The video goes on to attack Republican presidential candidate Donald Trump, claiming he is “playing games with the sanctity of life.” Pointing to Trump’s shift from pro-choice to anti-choice, Cruz criticized his rival by falsely claiming he would not pledge to defund Planned Parenthood should he be elected. However, Trump asserted in November that he is “very strongly in favor” of doing just that.
Cruz’s allegations that Trump leans to the left when it comes to abortion are just the latest moves in an ongoing feud between the two on the topic. As Trump and Cruz lead in the polls heading into the influential South Carolina primary on Saturday, the candidates have competed to capture the votes of evangelicals in the state by highlighting their conservative stances on abortion and other issues.
John Kasich Discusses Campus Sexual Assault During GOP Town Hall
Republican presidential candidate and Ohio Gov. John Kasich spoke out against campus sexual assault during Thursday night’s Republican town hall.
During the event, hosted by CNN in South Carolina ahead of the state’s primary, an audience member asked Kasich, “What steps will you take to address the high rates of violence against women in this country.”
Kasich replied by naming both sexual violence on college campuses and human trafficking as major issues he would address should he become president, pointing to his own record tackling the topics during his tenure in Ohio.
“We put a lot of time into those kinds of issues in our state,” Kasich said. “I’ll tell you another thing we worry about, sexual violence on a campus—and I’ve noticed that time ago—and I said, there has got to be a place for young students, young women to be able to go where they can do things in confidentiality, where there can be a rape kit that can last because sometimes women don’t want to move right away, but after a month or two they might want to move forward with some type of a prosecution.”

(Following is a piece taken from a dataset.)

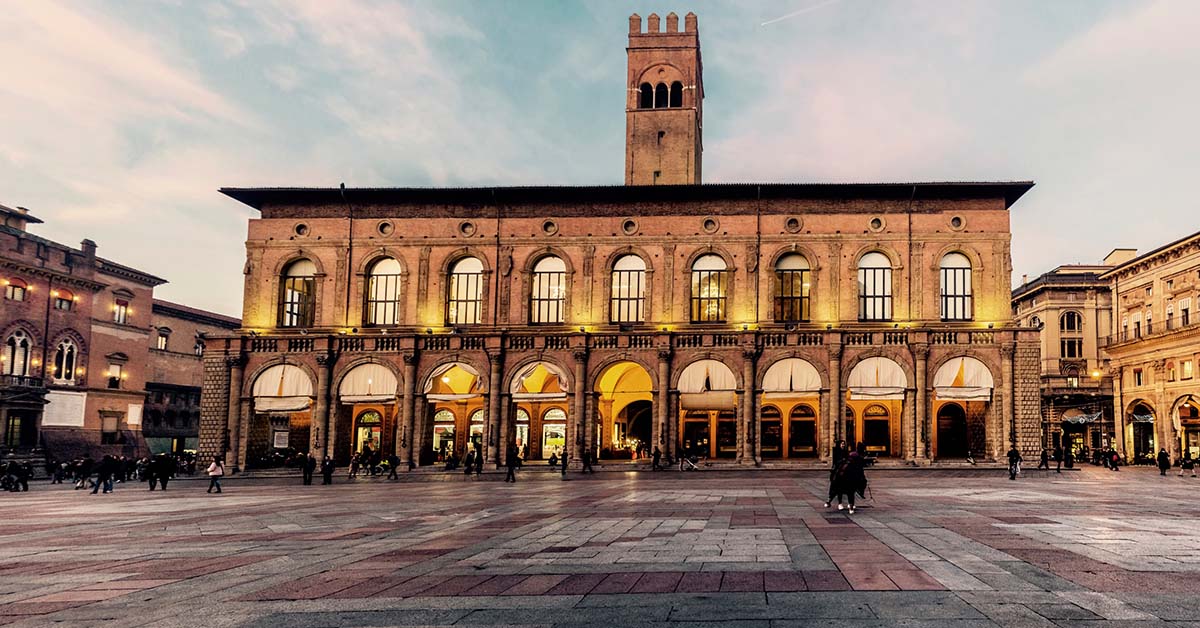 Maggiore Meydanı – Piazza Maggiore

Suggesting that violence against women would be primarily addressed “at the state level,” Kasich claimed that as president he would “use a bully pulpit” to “speak out” on the topic and push “legislatures to begin to pay attention to these issues.”
Thursday’s statements were not the first time the governor has addressed the issue of sexual violence on campus. Kasich’s proposed Ohio state budget for fiscal year 2016 included $2 million to prevent and respond to campus sexual assault.
Other Republican presidential candidates have largely failed to engage voters on the issue of campus sexual assault while on the campaign trail. Sen. Marco Rubio (R-FL), however, co-sponsored the Campus Accountability and Safety Act in 2015 to “secure landmark reforms for how colleges and universities address and report incidents of sexual assault that occur on their campuses.”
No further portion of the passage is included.